Soft luminescent fingers,
Lips neither dead nor alive,
Loose ghostly mouths
Breathing.
Wish for a Young Wife
My lizard, my lively writher,
May your limbs never wither
May the eyes in your face
Survive the green ice
Of envy’s green gaze;
May you live out your life
Without hate, without grief,
And your hair ever blaze
In the sun, in the sun,
When I am undone,
When I am no one.
Big Wind
Where were the greenhouses going,
Lunging into the lashing
Wind driving water
So far down the river
All the faucets stopped?—
So we drained the manure-machine
For the steam plant,
Pumping the stale mixture
Into the rusty boilers,
Watching the pressure gauge
Waver over to red,
As the seams hissed
And the live steam
Drove to the far
End of the rose-house,
Where the worst wind was,
Creaking the cypress window-frames,
Cracking so much thin glass
We stayed all night,
Stuffing the holes with burlap;
But she rode it out,
That old rose-house,
She hove into the teeth of it,
The core and pith of that ugly storm,
Ploughing with her stiff prow,
Bucking into the wind-waves
That broke over the whole of her,
Flailing her sides with spray,
Flinging long strings of wet across the roof-top,
Finally veering, wearing themselves out, merely
Whistling thinly under the wind-vents;
She sailed until the calm morning,
Carrying her full cargo of roses.
A Strut for Roethke
Westward, hit a low note, for a roarer lost
across the Sound but north from Bremerton,
hit a way down note.
And never cadenza again of flowers, or cost.
Him who could really do that cleared his throat
& staggered on.
The bluebells, pool-shallows, saluted his over-needs,
while the clouds growled heh-heh, & snapped, & crashed.

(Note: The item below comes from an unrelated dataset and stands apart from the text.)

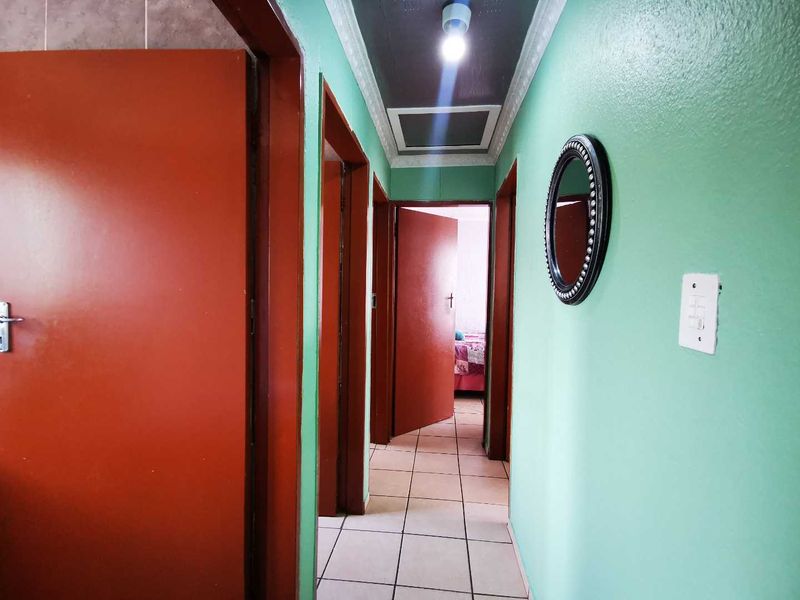 A functional hallway featuring tiled flooring, coved ceilings, and multiple internal access points, providing a central connection between rooms.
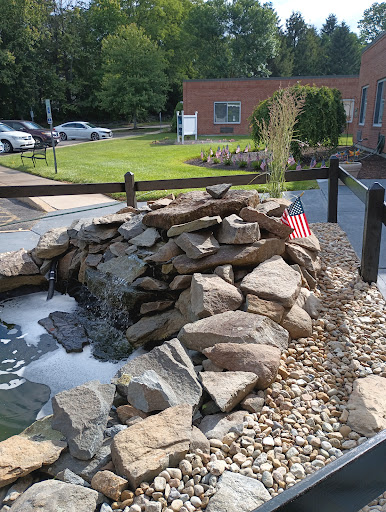 A serene waterfall feature surrounded by rocks and pebbles, with greenery in the background.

No stunt he’ll ever unflinch once more will fail
(O lucky fellow, eh Bones?)—drifted off upstairs,
downstairs, somewheres.
No more daily, trying to hit the head on the nail:
thirstless: without a think in his head:
back from wherever, with it said.
Hit a high long note for a lover found
needing a lower into friendlier ground
to bug among worms no more
around um jungles where ah blurt ‘What for?’
Weeds, too, he favored as most men don’t favor men.
The Garden Master’s gone.
John Berryman
“The Waking” (a villanelle), “My Pappa’s Waltz,” “In a Dark Time,” are some of Roethke’s most famous poems, easy to find online. You can hear Roethke read “Big Wind” if you like. Stanley Kunitz wrote a wonderful tribute to Roethke that gives a sense of the man and his work.